**Task details**: Using the listing below, copy exactly the lines from the one containing "Bleeding Me Insane_Billy Idol" to the one containing "Used 2021 Buick", both lines included, and no others.

**Data for analysis**:
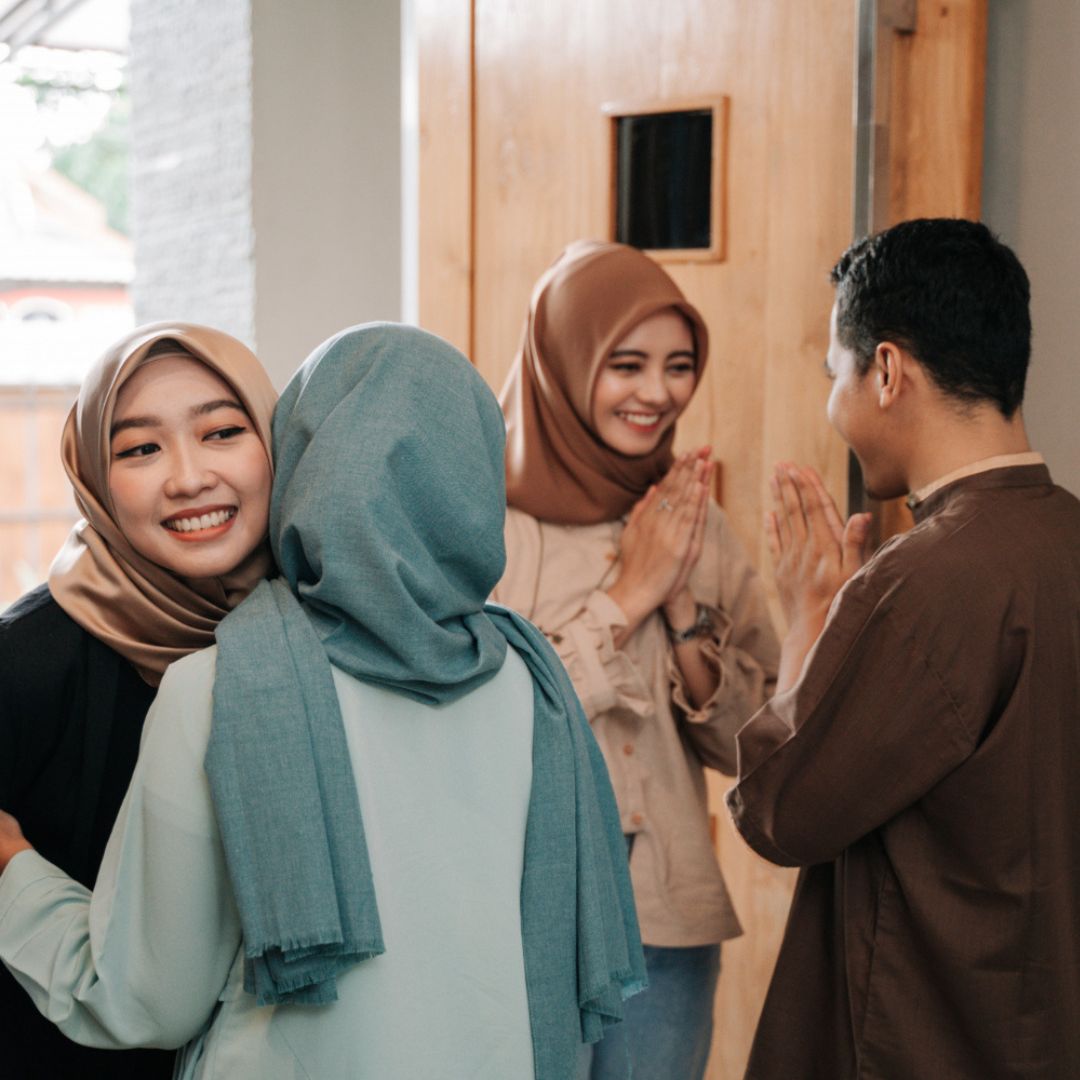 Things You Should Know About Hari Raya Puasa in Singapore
...
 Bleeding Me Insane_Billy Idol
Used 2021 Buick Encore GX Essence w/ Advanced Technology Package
--
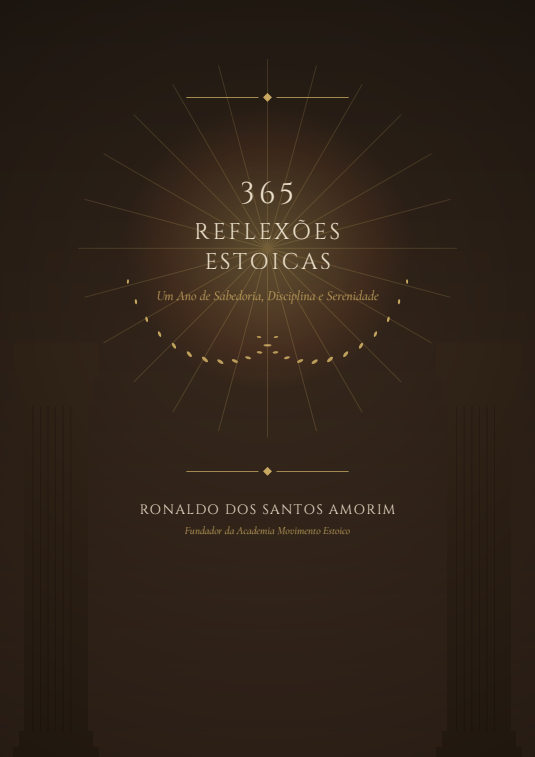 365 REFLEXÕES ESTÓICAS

**Response to this task**:
 Bleeding Me Insane_Billy Idol
Used 2021 Buick Encore GX Essence w/ Advanced Technology Package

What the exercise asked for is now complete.